Activity
For the word "Used", return each line of the data in which it occurs.
■ ■ ■ ■ ■
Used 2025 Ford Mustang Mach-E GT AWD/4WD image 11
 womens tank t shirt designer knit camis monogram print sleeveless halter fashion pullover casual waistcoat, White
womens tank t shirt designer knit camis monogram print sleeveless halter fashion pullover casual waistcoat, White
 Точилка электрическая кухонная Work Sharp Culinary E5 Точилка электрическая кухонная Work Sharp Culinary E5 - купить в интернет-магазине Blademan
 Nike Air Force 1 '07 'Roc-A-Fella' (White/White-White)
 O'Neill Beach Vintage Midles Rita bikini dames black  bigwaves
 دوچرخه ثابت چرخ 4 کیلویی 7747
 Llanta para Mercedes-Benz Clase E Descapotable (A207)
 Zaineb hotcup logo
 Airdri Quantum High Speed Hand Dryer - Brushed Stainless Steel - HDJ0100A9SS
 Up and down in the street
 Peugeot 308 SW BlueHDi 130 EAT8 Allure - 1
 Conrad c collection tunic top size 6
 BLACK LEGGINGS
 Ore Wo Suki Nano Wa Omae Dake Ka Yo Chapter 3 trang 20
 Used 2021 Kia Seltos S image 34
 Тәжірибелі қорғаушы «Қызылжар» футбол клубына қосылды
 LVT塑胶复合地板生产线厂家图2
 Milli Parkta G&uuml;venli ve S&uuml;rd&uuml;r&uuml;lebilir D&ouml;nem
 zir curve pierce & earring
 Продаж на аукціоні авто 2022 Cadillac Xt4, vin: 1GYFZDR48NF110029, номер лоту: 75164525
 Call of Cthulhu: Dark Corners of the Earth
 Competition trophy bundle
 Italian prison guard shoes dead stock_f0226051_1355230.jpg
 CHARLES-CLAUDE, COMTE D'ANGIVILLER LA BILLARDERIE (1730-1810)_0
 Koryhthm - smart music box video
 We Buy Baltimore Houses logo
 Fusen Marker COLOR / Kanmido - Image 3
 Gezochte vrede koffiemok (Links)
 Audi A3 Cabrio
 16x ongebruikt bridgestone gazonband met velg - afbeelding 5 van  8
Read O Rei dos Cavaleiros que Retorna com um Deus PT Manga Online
■ ■ ■ ■ ■
Exercise result
Used 2025 Ford Mustang Mach-E GT AWD/4WD image 11
 Used 2021 Kia Seltos S image 34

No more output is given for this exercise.